Pourtant, les Allemands, à écouter leur chancelière, sont près du bonheur. Pendant que la France se déchire, hier avec Nicolas Sarkozy, aujourd'hui entre partisans du 75 % et fuyards fiscaux, entre défenseurs du mariage gay et opposants catholiques, la chancelière incarne une nation unie. Ce 31 décembre 2012, Angela Merkel a dit un conte. Elle a expliqué comment un gamin d'Heidelberg avait été convaincu par les camarades de son équipe de football de ne pas décrocher de l'école : en Allemagne, le succès individuel est collectif. Et quel succès ! Le chômage est à son plus bas niveau depuis la réunification, il a été divisé par deux sous le mandat d'Angela Merkel et le pays a encore créé 416 000 emplois en 2012. Jamais autant d'Allemands n'ont eu un emploi.

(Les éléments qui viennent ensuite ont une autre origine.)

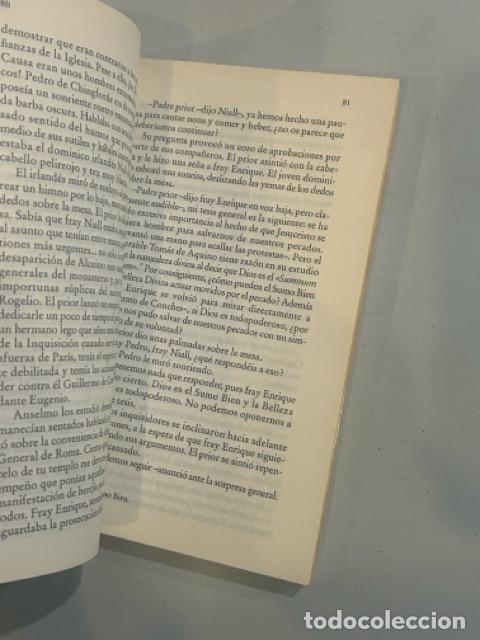 Libros: Paul Harding - Un santo asesinato - Foto 2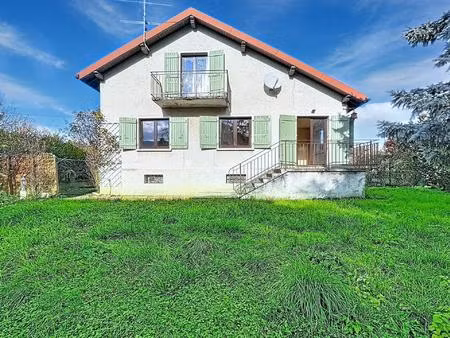 a deux pas du tramway et de la voie verte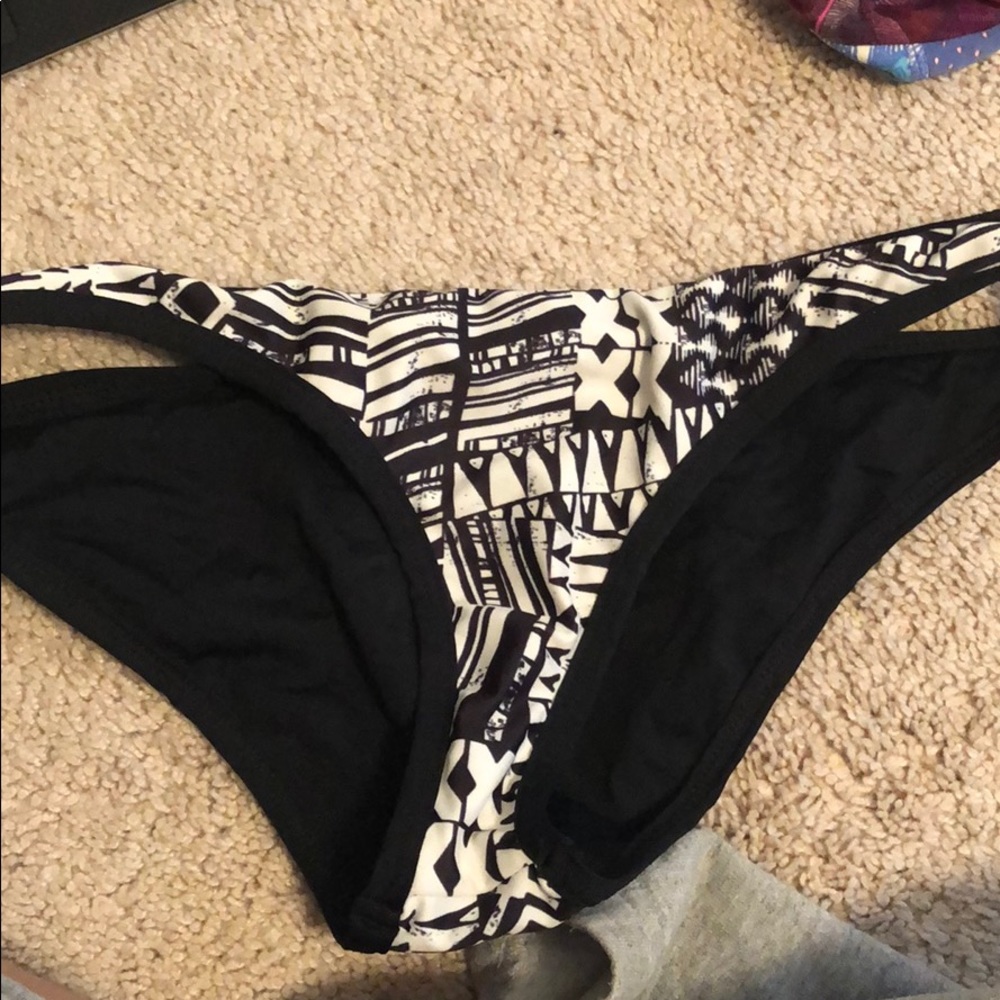 patterned Lspace bathing suit bottoms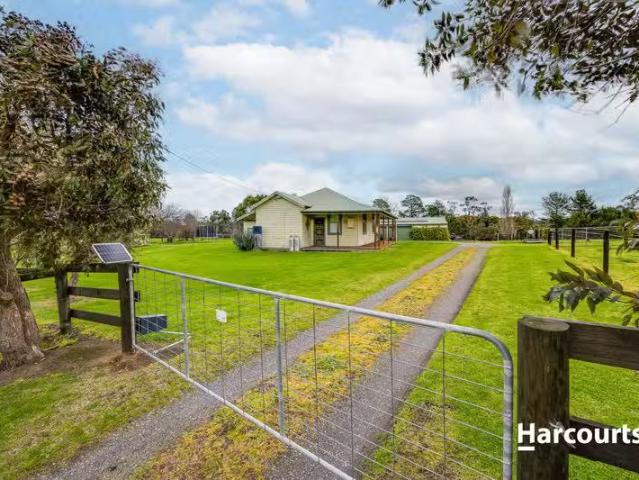 House for rent in Camerons Creek, Victoria
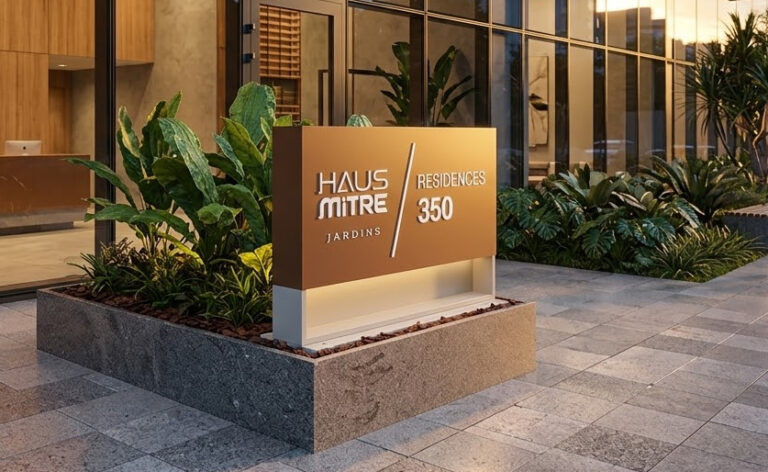 Totem de identificação exterior de alto padrão. Fabricado com estrutura de ferro e revestimento em ACM com pintura automotiva, destacando-se pelas letras em acrílico branco leitoso de 5mm e iluminação LED quente sobre base branca.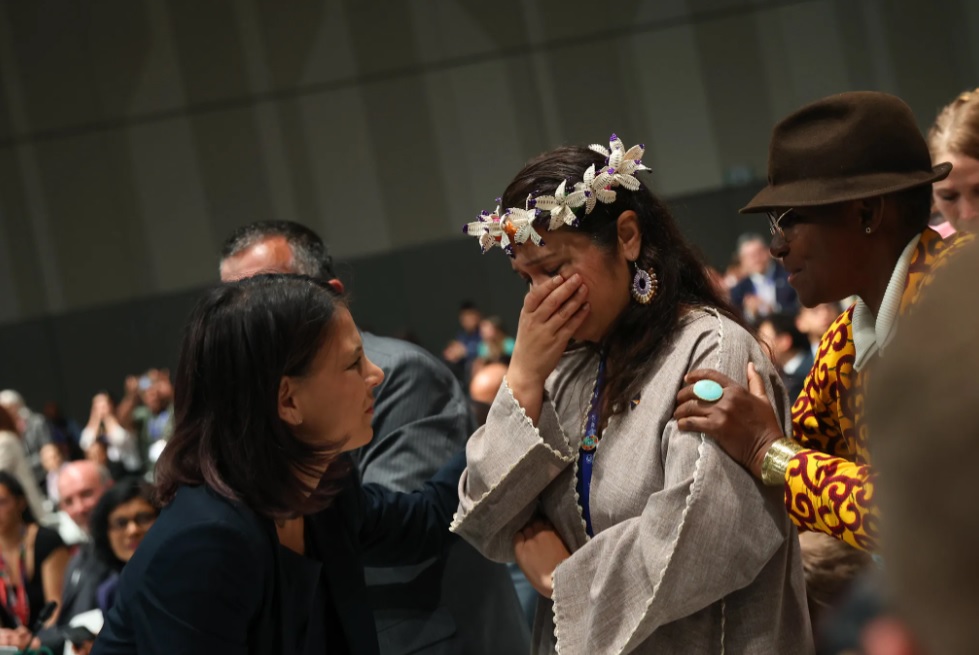 Delegada de las Islas Marshall llora en la sesión plenaria de clausura de la COP28. Muchas naciones insulares del Pacífico se mostraron decepcionadas con el resultado de la conferencia, afirmando que «no nos hace avanzar más allá del statu quo». Crédito: Christopher Edralin.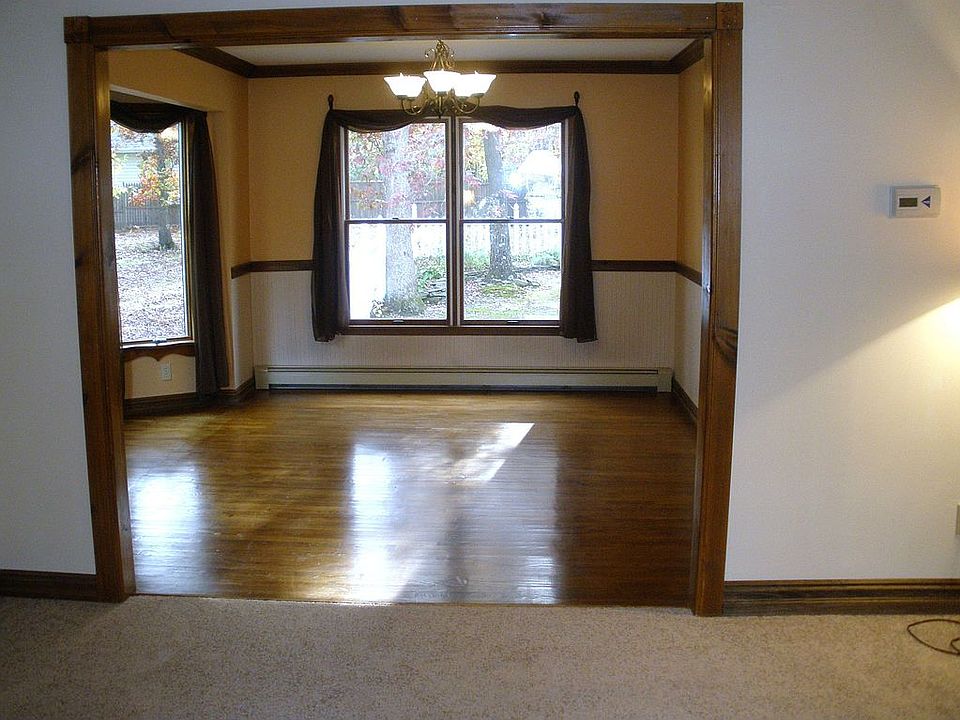 DINING RM W/GLEAMING WOOD FLOORS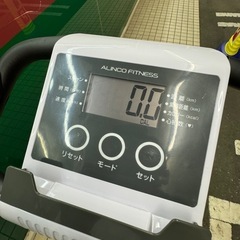 定価3万3千円　背もたれ付きフィットネスバイク！　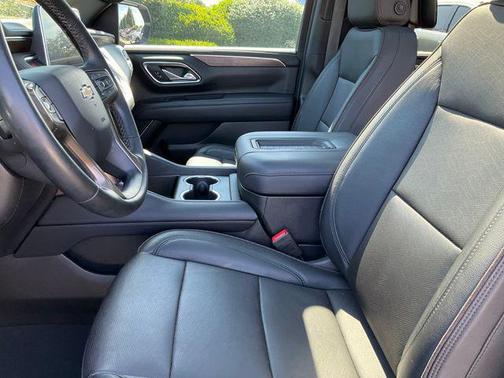 Black 2023 Chevrolet Suburban 4WD High Country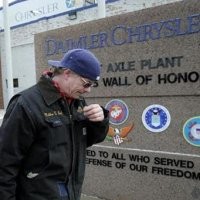 Chrysler Stop Produksi Sementara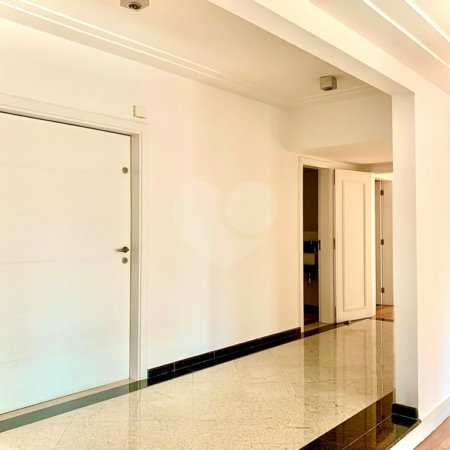 Apartamento à venda com 4 suítes em Jardim Marajoara, São Paulo, SP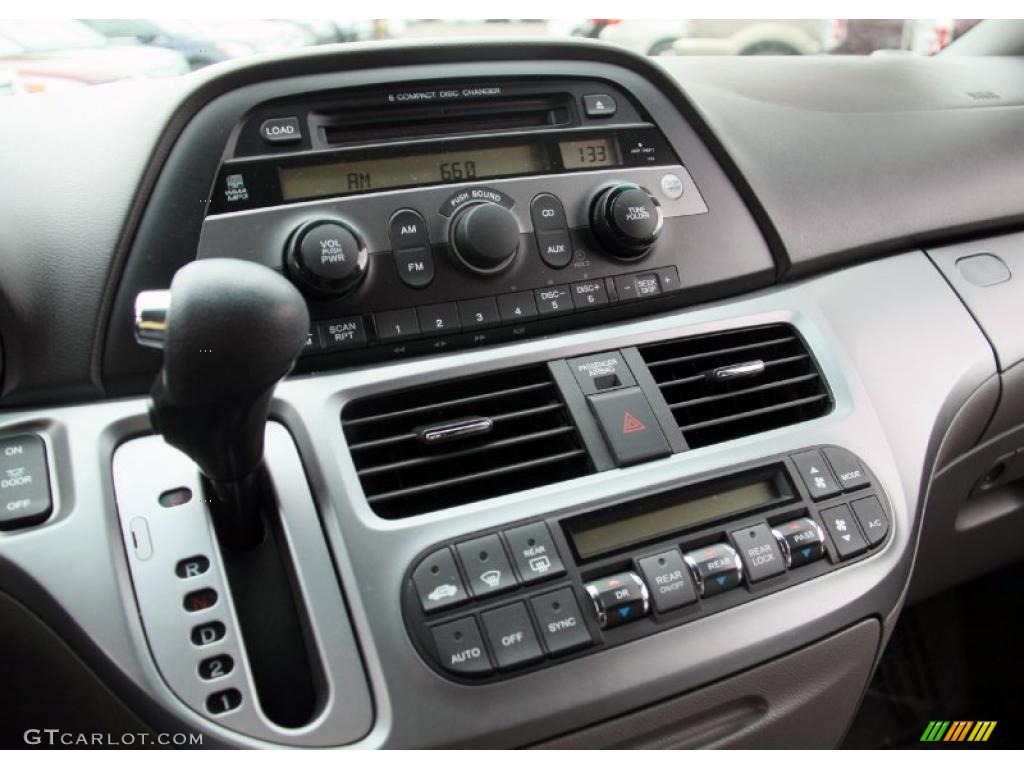 2010 Honda Odyssey EX Controls Photo #46766532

Le même soir, François Hollande tentait de convaincre ses concitoyens que le chômage, qui a augmenté dix-neuf mois de suite, refluerait enfin à la fin de l'année. Mais le bonheur d'Angela Merkel, cela se mérite. Pour le conserver, il faut persévérer dans l'effort. Sans attendre l'épiphanie, qui marque la rentrée politique allemande, le ministre des finances, Wolfgang Schäuble, a annoncé de nouvelles mesures d'économies.

Faire semblant

Rude partenaire pour François Hollande, qui espérait ne pas passer trop de temps en compagnie d'Angela Merkel. Angela Merkel est plus populaire que jamais, aimée par sept Allemands sur dix. Pour François Hollande il va donc falloir faire semblant de s'aimer avec la chancelière. Les ministères des Affaires étrangères français et allemand préparent un superbe bal des hypocrites à Berlin, les 21 et 22 janvier, pour le cinquantenaire du traité de l'Elysée. Les populations auront droit aux flonflons habituels : conseil des ministres franco-allemand, discours d'Angela Merkel et de François Hollande au Reichstag. Le clou des festivités sera un concert à la Philharmonie de Berlin. Et c'est tout.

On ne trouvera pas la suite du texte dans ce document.